One major part of the culture is the approach to mentoring. Not content with just professional training, the ODI wants all employees to have access to a mentor outside the company, to help develop people in ways that they need, not necessarily in ways that obviously benefit the organisation.

I’ve always felt that I drifted through my professional life in a kind of random walk, without much of a plan. Admittedly, working at the ODI brings together so much of what I’ve done over the years that it might look intentional, but it’s really just another convenient accident. However, at 37, perhaps it’s time to start trying to steer a little. Maybe it’s time to get an answer to the classic interview question “where do you see yourself in five years’ time?”. Because the ODI is about building a movement, a community, it’s OK if the answer to the question is “not here”. People leaving the ODI and starting their own businesses is a Good Thing in a way it wouldn’t be anywhere else.

So, where do I want to be? Well, barring career discontinuities, I reckon I should be CTOing somewhere that’s making a difference to the things I care about, somewhere in the openness, transparency, democracy, environmental impact sort of area, rather than day-to-day hacking. Maybe that’s still the ODI, but if so I should look to be doing more of the strategic stuff by then.

Problem is, I don’t know what’s missing in order for me to get there. Technically, I can do anything I can turn my hand to, but I know there are deeper mysteries that I know nothing about, but that are important in the wider context of a CTO type role.
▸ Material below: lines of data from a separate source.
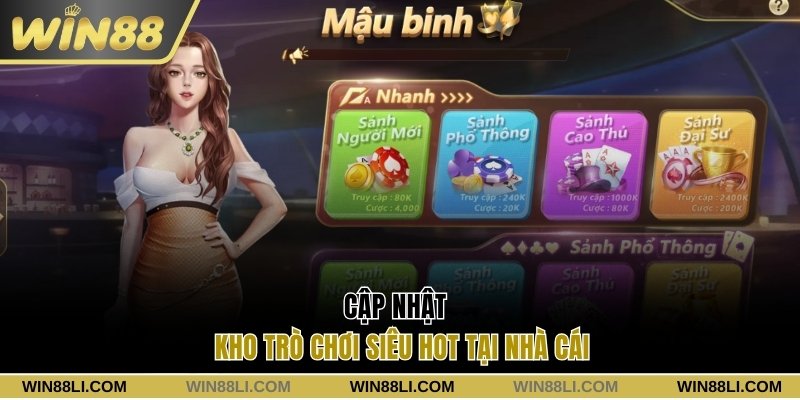 Cập nhật kho trò chơi siêu hot tại nhà cái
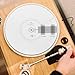 Mayrecords Turntable Cartridge Alignment Protractor Mat, 12 inch Acrylic Vinyl Record Mat, Anti-Slip LP Vinyl Record Pickup Calibration Plate for Turntable Accessories (Style B)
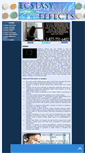 Mobile Screenshot of ecstasyeffects.net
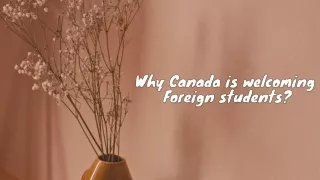 Why Canada is welcoming Foreign students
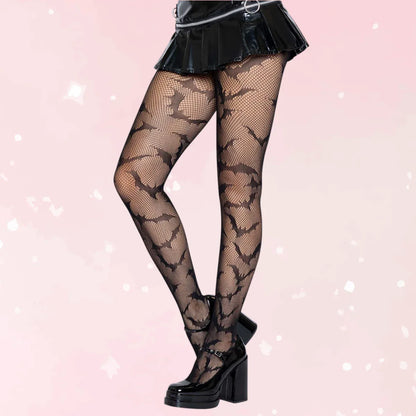 Batty Babe Fishnet Tights - Puppy's Aesthetics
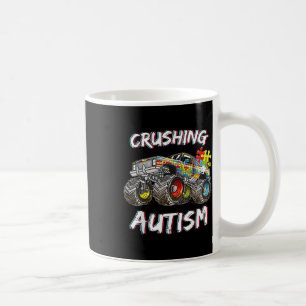 Autism Shirt Boys Kids Shirt Monster Truck Autism Coffee Mug
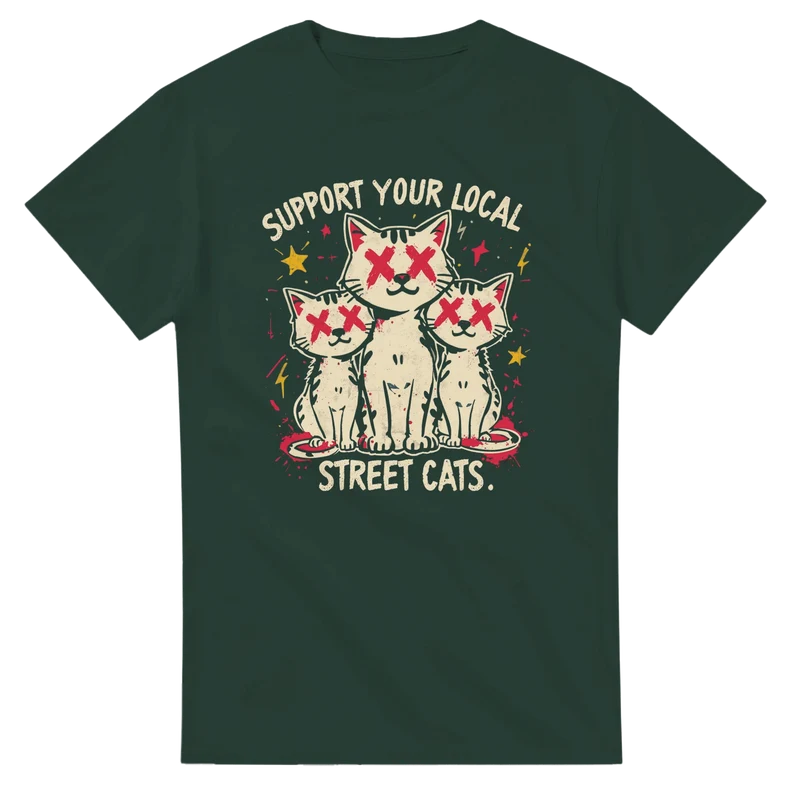 T-shirt - Support your local street cats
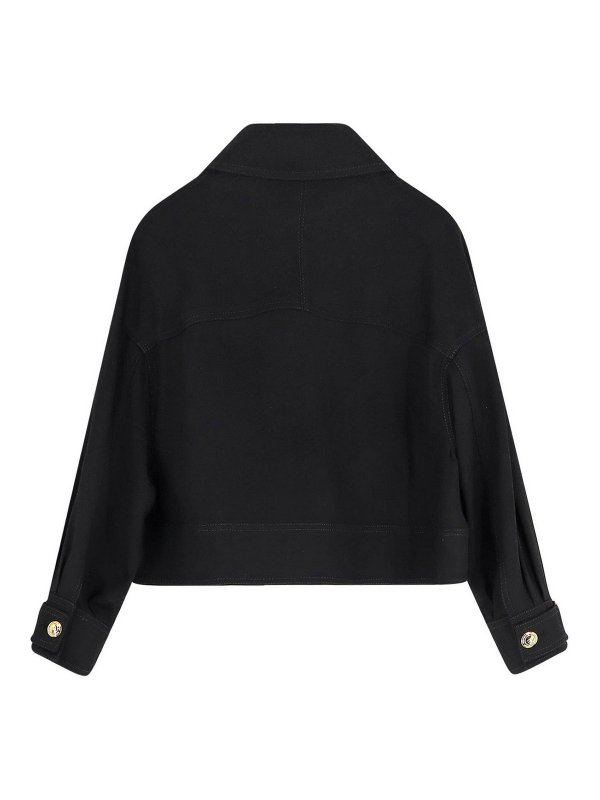 ELISABETTA FRANCHI: カジュアルジャケット online - カジュアルジャケット - 黒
The mentoring program is a perfect framework to start thinking about this. I’ve been lucky enough find a mentor who has gone through the transition from pure hacker to something a bit more strategic in the shape of Francis Irving, ex of MySociety and now CEO of ScraperWiki. We share many of our ideals, and I hope I can learn a lot from someone who is a little further down the path than me.

Neither of us really know how this process will work, but we’re starting with a bit of set reading (The Innovator’s Dilemma by Clayton M. Christensen) and seeing how it evolves. As we go along, I’m going to try to share my thoughts and learning in public, partly as a way of marshalling my own thoughts, and partly as a way to pay Francis’ generosity forward to others.

It will be an adventure, and hopefully I will come out of it with a better understanding both of myself, and my role in the better future I hope to build.